When enabled, malware scanning occurs with Centralized Analysis, when the image content itself is available. Any findings are available via:

API /images/{image_digest}/content/malware)
AnchoreCTL anchorectl image content <image_digest> -t malware
UI Image SBOM Tab

The Malware Policy Gate also provides compliance rules around any findings.

Please Note: Files in an image which are greater than 2GB will be skipped due to a limitation in ClamAV. Any skipped file will be identified with a Malware Signature as ANCHORE.FILE_SKIPPED.MAX_FILE_SIZE_EXCEEDED.

Signature DB Updates

Each analyzer service will run a malware signature update before analyzing each image. This does add some latency to the overall analysis time but ensures the signatures are as up-to-date as possible for each image analyzed. The update behavior can be disabled if you prefer to manage the freshness of the db via another route, such as a shared filesystem mounted to all analyzer nodes that is updated on a schedule. See the configuration section for details on disabling the db update.

The status of the db update is present in each scan output for each image.

Scan Results

The malware content type is a list of scan results. Each result is the run of a malware scanner, by default clamav.

The list of files found to contain malware signature matches is in the findings property of each scan result. An empty array value indicates no matches found.
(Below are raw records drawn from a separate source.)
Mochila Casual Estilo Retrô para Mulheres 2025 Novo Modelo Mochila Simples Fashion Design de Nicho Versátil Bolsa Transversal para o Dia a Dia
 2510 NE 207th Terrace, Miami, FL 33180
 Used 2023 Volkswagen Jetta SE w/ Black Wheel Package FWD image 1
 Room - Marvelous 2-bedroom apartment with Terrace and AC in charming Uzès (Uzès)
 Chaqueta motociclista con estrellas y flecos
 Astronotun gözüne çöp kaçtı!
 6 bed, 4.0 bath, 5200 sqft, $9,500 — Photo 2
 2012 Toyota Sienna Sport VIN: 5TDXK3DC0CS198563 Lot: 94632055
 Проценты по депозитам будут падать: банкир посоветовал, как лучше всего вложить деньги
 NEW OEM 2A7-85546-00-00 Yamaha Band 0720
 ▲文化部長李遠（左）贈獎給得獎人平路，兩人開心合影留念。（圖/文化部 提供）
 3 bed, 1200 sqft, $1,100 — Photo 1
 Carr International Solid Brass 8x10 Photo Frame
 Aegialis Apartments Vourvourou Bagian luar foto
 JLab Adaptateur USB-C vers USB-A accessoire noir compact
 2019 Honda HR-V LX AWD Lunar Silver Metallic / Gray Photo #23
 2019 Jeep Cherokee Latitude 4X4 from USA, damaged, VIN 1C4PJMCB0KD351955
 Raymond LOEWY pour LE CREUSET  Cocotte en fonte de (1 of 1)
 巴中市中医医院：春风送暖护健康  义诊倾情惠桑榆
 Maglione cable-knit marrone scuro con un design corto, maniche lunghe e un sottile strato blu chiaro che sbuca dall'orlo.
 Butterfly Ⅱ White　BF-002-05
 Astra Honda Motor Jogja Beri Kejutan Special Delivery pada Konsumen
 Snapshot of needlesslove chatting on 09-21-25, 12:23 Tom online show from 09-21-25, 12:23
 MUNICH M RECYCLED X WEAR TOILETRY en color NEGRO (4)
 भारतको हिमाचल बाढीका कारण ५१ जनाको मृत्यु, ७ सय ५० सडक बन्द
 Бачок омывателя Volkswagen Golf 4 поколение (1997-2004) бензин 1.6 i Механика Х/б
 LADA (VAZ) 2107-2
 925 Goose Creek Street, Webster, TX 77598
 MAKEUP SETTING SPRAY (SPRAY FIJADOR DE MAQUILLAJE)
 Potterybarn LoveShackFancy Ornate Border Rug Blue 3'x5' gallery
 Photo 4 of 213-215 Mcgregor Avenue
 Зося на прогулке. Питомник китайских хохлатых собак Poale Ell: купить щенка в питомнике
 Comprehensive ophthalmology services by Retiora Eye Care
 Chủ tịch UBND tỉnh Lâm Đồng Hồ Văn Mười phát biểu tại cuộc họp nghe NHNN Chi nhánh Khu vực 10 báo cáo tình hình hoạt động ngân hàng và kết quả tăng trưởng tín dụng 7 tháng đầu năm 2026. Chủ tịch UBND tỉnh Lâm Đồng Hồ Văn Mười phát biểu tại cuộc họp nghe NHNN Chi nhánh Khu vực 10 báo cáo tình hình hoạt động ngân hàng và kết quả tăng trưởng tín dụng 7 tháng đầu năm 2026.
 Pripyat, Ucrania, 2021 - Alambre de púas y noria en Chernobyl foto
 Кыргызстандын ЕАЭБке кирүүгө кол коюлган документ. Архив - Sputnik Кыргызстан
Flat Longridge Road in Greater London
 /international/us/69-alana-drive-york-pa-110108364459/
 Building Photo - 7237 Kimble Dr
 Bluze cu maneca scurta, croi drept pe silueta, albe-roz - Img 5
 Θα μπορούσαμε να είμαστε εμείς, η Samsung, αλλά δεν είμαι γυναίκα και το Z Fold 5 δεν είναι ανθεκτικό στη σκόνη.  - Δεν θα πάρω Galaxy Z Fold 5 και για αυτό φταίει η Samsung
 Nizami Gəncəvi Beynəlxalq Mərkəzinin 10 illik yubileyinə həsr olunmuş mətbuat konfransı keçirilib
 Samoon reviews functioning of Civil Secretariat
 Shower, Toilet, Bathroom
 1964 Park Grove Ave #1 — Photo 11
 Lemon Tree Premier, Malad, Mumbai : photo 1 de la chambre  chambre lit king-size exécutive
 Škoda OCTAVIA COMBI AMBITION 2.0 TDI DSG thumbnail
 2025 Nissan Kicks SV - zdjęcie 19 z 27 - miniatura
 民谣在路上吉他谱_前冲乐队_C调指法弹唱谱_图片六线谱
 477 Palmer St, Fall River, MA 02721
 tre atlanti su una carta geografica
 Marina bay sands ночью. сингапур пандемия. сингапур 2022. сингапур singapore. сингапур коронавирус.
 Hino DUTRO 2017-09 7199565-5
The metadata property provides generic metadata specific to the scanner. For the ClamAV implementation, this includes the version data about the signature db used and if the db update was enabled during the scan. If the db update is disabled, then the db_version property of the metadata will not have values since the only way to get the version metadata is during a db update.

{
    "content": [
        {
            "findings": [
                {
                    "path": "/somebadfile",
                    "signature": "Unix.Trojan.MSShellcode-40"
                },
                {
                    "path": "/somedir/somepath/otherbadfile",
                    "signature": "Unix.Trojan.MSShellcode-40"
                }
            ],
            "metadata": {
                "db_update_enabled": true,
                "db_version": {
                    "bytecode": "331",
                    "daily": "25890",
                    "main": "59"
                }
            },
            "scanner": "clamav"
        }
    ],
    "content_type": "malware",
    "imageDigest": "sha256:0eb874fcad5414762a2ca5b2496db5291aad7d3b737700d05e45af43bad3ce4d"
}